INFORMATION PROVIDED:
>>>>
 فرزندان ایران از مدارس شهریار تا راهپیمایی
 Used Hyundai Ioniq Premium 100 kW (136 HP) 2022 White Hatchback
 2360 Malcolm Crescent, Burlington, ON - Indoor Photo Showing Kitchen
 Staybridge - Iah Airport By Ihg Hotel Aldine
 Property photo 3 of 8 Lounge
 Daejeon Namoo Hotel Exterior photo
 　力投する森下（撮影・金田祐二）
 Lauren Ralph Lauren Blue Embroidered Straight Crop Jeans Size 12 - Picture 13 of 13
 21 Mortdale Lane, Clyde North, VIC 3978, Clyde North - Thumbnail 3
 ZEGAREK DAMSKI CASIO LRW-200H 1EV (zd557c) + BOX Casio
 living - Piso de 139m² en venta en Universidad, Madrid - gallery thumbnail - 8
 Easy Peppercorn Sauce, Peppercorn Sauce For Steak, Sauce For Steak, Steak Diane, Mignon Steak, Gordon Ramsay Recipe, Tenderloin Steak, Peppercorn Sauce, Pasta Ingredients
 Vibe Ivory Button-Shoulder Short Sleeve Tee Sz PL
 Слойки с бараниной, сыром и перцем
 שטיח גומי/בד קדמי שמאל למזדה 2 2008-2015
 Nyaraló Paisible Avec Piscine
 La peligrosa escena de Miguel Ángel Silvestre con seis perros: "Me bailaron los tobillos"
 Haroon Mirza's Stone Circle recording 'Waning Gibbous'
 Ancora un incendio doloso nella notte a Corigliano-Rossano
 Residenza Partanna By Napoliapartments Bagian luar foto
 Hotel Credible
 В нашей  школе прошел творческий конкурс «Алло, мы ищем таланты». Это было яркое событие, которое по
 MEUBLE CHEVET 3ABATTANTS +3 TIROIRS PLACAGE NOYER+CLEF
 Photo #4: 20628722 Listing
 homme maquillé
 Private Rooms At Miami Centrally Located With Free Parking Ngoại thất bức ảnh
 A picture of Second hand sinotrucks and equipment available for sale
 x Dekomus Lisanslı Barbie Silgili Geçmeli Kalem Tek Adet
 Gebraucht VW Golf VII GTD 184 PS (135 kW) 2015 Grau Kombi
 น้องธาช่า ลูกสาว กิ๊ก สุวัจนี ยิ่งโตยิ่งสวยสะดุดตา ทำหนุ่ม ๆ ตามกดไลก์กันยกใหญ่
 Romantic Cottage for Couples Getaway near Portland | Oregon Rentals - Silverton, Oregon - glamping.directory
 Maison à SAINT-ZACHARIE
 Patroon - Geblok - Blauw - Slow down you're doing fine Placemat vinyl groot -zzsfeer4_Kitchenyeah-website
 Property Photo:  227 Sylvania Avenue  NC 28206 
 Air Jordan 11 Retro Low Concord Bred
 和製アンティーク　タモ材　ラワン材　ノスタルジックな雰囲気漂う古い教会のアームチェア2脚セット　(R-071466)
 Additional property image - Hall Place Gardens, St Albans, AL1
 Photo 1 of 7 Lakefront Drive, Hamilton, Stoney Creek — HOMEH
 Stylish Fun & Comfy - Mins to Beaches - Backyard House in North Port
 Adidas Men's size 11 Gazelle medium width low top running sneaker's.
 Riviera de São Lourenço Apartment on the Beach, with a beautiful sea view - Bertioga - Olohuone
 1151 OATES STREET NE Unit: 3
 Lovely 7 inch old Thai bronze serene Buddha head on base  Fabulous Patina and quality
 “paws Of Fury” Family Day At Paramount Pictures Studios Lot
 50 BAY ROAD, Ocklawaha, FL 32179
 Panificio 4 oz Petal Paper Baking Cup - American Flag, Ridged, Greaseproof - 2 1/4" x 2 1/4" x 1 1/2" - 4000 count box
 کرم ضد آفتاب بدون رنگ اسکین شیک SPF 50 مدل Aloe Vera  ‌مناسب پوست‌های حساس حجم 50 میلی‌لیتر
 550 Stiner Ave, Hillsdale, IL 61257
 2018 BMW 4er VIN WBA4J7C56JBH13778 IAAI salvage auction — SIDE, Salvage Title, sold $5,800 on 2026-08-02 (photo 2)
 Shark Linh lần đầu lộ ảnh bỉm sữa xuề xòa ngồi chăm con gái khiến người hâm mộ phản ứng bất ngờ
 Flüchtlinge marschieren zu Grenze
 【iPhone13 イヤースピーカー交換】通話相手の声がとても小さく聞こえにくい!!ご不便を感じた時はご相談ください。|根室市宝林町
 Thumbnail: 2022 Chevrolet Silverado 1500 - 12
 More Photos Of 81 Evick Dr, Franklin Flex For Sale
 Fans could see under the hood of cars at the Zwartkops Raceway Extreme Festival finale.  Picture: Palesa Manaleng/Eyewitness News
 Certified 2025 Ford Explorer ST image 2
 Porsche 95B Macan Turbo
<<<<
WHAT YOU WILL DO:
If a line in the records contains the word "image", copy it.

YOUR SOLUTION:
 Additional property image - Hall Place Gardens, St Albans, AL1
 Certified 2025 Ford Explorer ST image 2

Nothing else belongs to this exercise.